***** Data for analysis

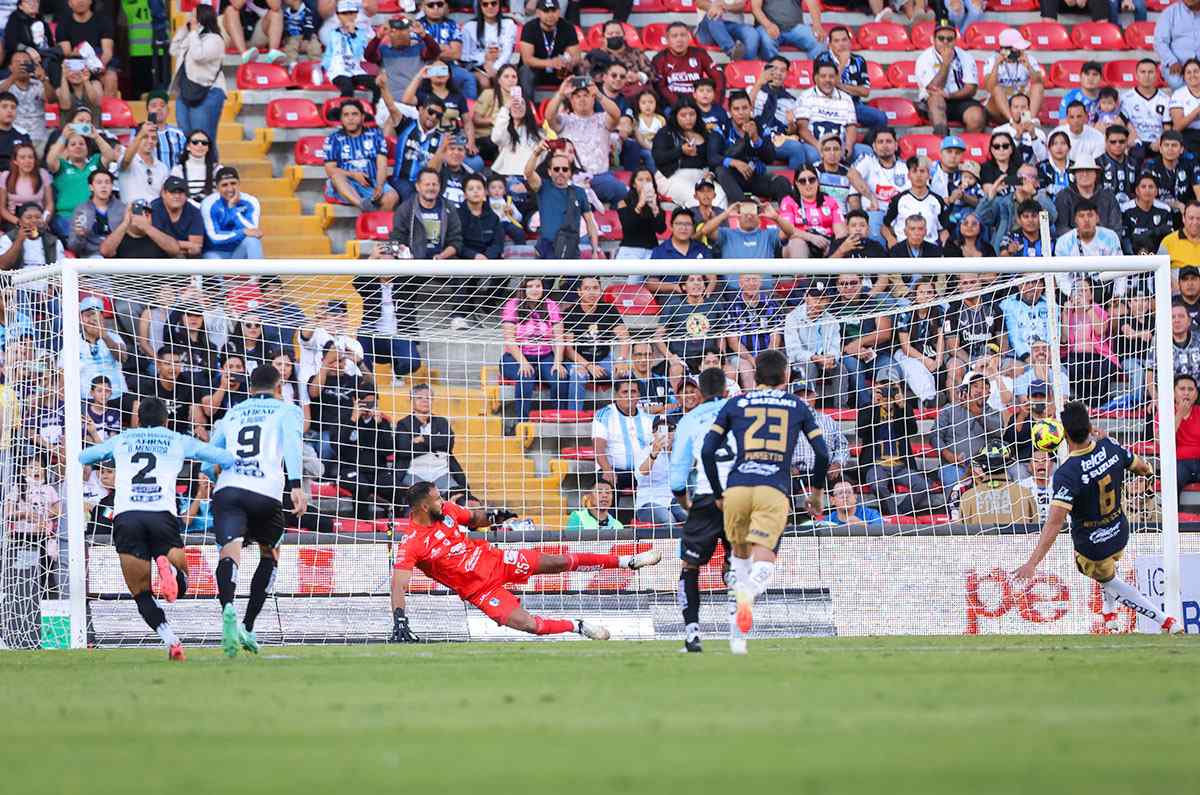 Anotó un ‘golazo’ y a los 2 minutos se fue expulsado en Querétaro vs Pumas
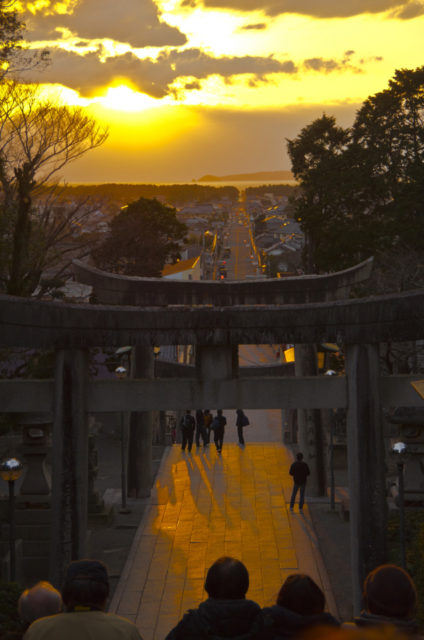 【福津×観光】参道にまっすぐ沈む夕陽が神秘的「宮地嶽神社」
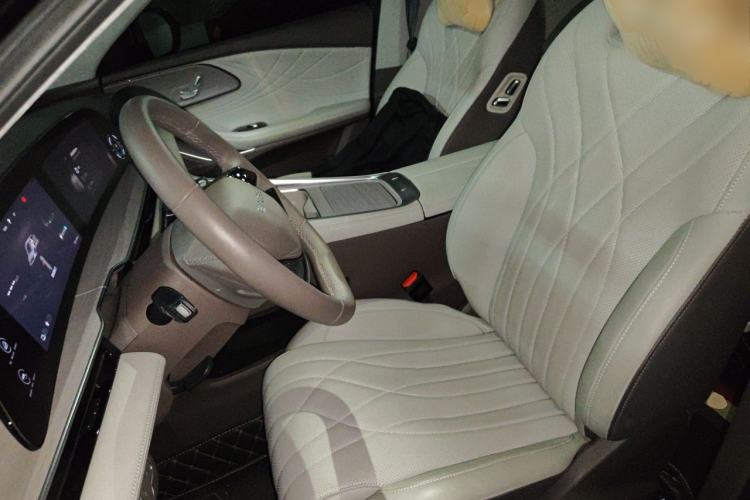 Used EXEED Stellar C-DM 2025 200 with Ultra-Long Range Pro All-Wheel Drive Left Front Seat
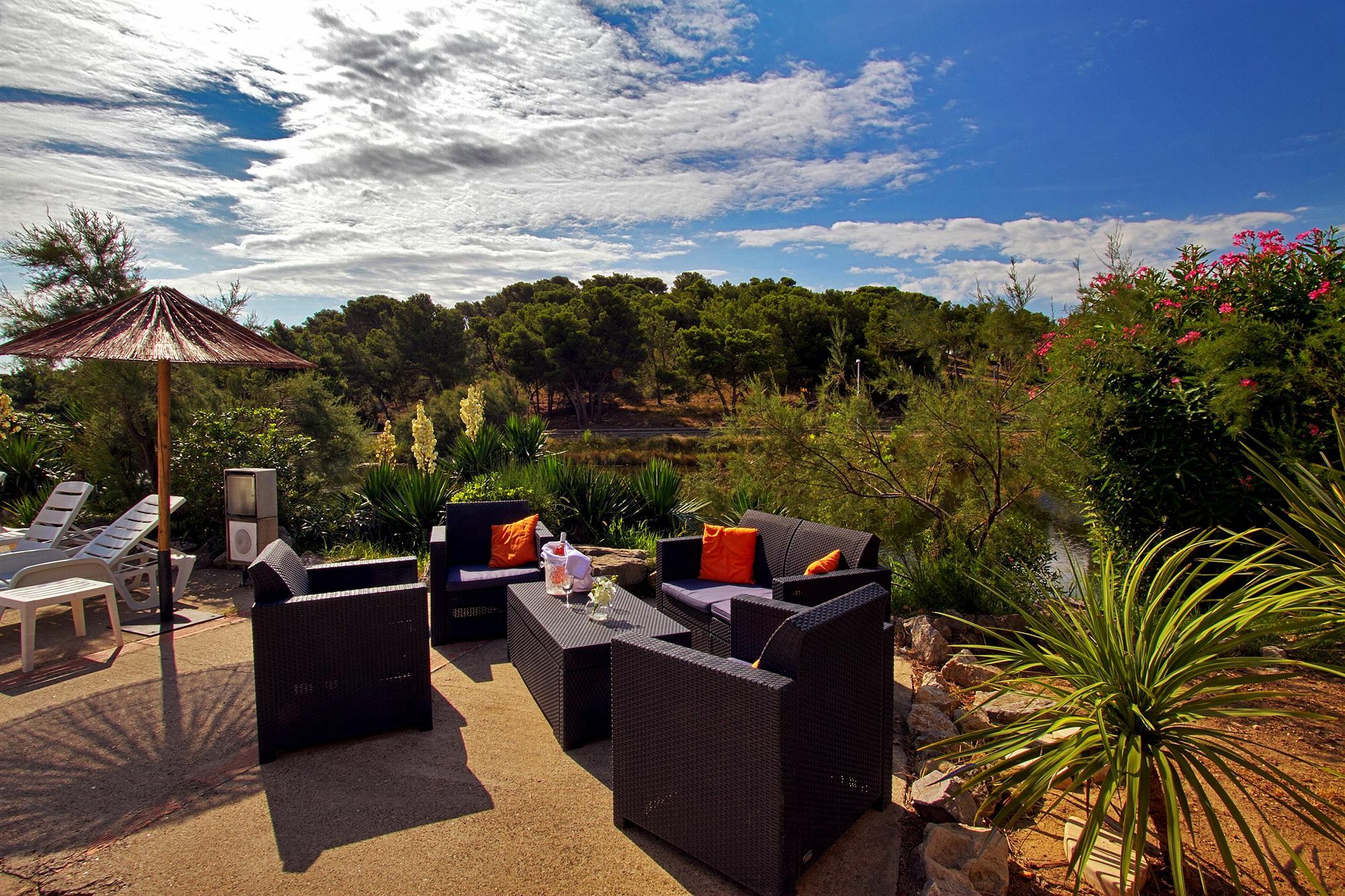 Hotel Le Phoebus Garden & Spa Gruissan Exterior foto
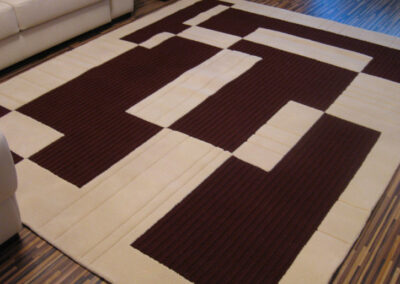 Mystery Rug interior view without table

**********

→ How to complete this task
Reproduce word for word the lines from the line with "Used EXEED Stellar" to the end of the entries above, both included, but leave the pictures out.

→ Completed task
 Used EXEED Stellar C-DM 2025 200 with Ultra-Long Range Pro All-Wheel Drive Left Front Seat
 Hotel Le Phoebus Garden & Spa Gruissan Exterior foto
 Mystery Rug interior view without table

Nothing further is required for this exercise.